Le deuxième jour, dédié aux gardians et aux arlésiennes se déroule de manière similaire, bien que sensiblement plus dans le calme. Mon expérience est toutefois la même.
Dans la série de photos que je présente j’ai essayé d’illustrer, de transmettre ce sentiment de chaos de la foule de curieux plus que de dévots ; en quête d’authenticité j’ai cherché des situations, des personnes venues pour participer à l’événement et non pas pour ramener des photos, vidéos, qui sans nul doute, finiront dans le fouillis de leur téléphone ou carte SD.

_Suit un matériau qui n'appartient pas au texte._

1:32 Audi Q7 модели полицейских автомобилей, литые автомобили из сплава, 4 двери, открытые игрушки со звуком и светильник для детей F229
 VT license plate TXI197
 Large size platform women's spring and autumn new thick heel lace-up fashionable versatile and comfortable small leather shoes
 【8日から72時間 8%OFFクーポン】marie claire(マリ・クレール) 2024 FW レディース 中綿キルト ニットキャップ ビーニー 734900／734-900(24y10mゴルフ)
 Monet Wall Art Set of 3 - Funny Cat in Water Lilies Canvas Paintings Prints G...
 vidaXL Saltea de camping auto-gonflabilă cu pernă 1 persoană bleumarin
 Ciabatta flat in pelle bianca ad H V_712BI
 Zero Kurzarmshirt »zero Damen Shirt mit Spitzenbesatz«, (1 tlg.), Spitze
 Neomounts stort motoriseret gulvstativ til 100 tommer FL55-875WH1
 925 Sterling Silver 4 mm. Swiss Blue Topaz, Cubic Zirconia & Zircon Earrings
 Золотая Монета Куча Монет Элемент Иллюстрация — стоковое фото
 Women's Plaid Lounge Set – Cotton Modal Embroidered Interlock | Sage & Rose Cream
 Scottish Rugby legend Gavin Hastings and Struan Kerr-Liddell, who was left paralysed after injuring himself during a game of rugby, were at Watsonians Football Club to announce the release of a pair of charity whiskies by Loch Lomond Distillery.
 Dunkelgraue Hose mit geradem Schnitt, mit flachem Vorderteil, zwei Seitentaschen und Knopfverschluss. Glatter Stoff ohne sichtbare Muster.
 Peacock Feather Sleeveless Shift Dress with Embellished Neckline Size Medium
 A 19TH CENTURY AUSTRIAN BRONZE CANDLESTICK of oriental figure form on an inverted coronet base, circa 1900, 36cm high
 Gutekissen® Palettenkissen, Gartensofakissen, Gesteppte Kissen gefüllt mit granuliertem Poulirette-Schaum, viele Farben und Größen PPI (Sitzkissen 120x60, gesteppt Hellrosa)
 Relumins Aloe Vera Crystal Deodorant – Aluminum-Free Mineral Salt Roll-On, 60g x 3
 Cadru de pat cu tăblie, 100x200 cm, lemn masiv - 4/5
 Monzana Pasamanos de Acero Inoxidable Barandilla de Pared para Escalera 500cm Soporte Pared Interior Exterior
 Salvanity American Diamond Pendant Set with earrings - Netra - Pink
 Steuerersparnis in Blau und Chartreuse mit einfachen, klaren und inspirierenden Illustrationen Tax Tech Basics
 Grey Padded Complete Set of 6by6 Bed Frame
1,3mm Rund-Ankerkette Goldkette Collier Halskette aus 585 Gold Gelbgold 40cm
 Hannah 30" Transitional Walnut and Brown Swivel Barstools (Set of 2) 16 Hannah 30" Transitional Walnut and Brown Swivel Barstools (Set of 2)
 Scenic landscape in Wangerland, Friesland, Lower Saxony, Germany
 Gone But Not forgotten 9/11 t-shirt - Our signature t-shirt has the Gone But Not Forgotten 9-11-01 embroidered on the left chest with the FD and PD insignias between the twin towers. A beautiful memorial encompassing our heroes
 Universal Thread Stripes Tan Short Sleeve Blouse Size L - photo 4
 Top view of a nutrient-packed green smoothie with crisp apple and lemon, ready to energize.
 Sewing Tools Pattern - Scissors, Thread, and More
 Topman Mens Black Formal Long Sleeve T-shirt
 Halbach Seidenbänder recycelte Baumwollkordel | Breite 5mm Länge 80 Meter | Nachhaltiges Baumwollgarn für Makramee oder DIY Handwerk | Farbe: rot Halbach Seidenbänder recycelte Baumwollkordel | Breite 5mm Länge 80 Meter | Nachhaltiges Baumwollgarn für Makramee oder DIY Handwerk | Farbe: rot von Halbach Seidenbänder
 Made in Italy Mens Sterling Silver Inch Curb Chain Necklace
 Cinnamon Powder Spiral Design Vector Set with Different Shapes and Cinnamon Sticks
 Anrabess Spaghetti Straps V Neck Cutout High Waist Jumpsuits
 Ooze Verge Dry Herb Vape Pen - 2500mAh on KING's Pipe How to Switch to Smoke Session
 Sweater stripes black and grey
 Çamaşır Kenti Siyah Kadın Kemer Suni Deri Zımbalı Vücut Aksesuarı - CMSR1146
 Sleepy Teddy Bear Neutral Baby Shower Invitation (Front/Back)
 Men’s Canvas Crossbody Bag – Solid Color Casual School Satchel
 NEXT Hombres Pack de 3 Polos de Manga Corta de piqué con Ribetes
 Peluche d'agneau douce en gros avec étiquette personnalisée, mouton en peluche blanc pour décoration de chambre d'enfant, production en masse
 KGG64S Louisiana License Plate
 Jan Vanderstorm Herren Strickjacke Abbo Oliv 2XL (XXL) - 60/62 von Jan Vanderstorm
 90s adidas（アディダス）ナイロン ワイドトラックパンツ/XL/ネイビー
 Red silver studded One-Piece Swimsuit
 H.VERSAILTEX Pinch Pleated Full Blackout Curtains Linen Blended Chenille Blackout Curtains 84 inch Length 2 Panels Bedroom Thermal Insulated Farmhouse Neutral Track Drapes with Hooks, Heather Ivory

Pour ma part je crains avoir été victime de ce que Jack appelle à juste titre « la tyrannie du sujet », la pression que je me suis mise pour réussir une « Story » m’a fait passer à côté de l’essentiel ; je n’ai pas été disponible, perméable à l’évènement. Le résultat photographiquement parlant n’est pas à la hauteur de ce que j’ambitionnais, en revanche cette expérience a été extrêmement enrichissante. Je crois, j’espère, que j’aborderai mes futurs projets différemment, avec moins de pression, moins d’aprioris.